The range of commercial property insurance packages is as varied as the premises themselves and it is clearly important that you secure the cover that is appropriate to the commercial property you own (or, indeed, occupy as a tenant). We are here at Specialist4Property to help ensure that this is just the insurance you arrange.
Commercial property insurance
In addition to the huge range of different commercial property types and businesses, there is a further consideration to take into account when arranging the insurance for the premises you occupy – and that is whether you own them for use by your own business or let them out to tenants.
If you own the building, you need to insure its structure and fabric against the usual major risks such as fire, flooding, storm damage, lightning strikes, vandalism and theft – and any tenants are likely to expect you to take care of this.
If the building is occupied by another business leasing the premises from you, it still needs the same cover, although you may need to pay a higher premium as the landlord, points out the website for business startups, Start Up Donut.

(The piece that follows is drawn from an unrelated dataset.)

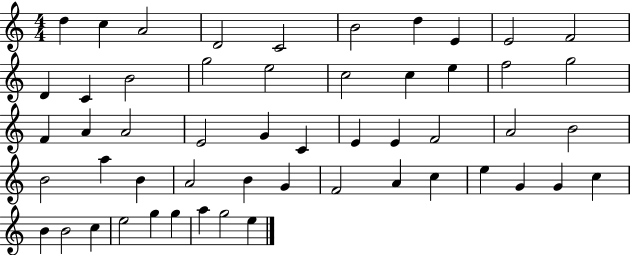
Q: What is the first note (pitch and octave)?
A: D5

Whether you are running your own business from the commercial property or leasing it from a landlord, however, you are almost certain to need your own contents insurance to safeguard the equipment, plant, machinery, fittings, goods, office supplies and other items likely to be there.
As the owner of the commercial property, you also have a duty of care to ensure that any visitor, supplier, neighbour or member of the public suffers no injury or does not have their own property damaged in any way connected with your premises. If they do, you may be held negligent and sued for substantial compensation.
For that reason, your commercial property insurance is likely to include public liability or property owner’s indemnity – generally for a minimum of £1 million.
Finally, business disruption insurance may also be a consideration – whether you are operating your own business or leasing the property to another enterprise, a major insured event might leave the premises temporarily unusable. In that event, the insurance you arranged for your commercial property may offer compensation for loss of use or business disruption, either by providing alternative premises or a cash settlement up to a given maximum.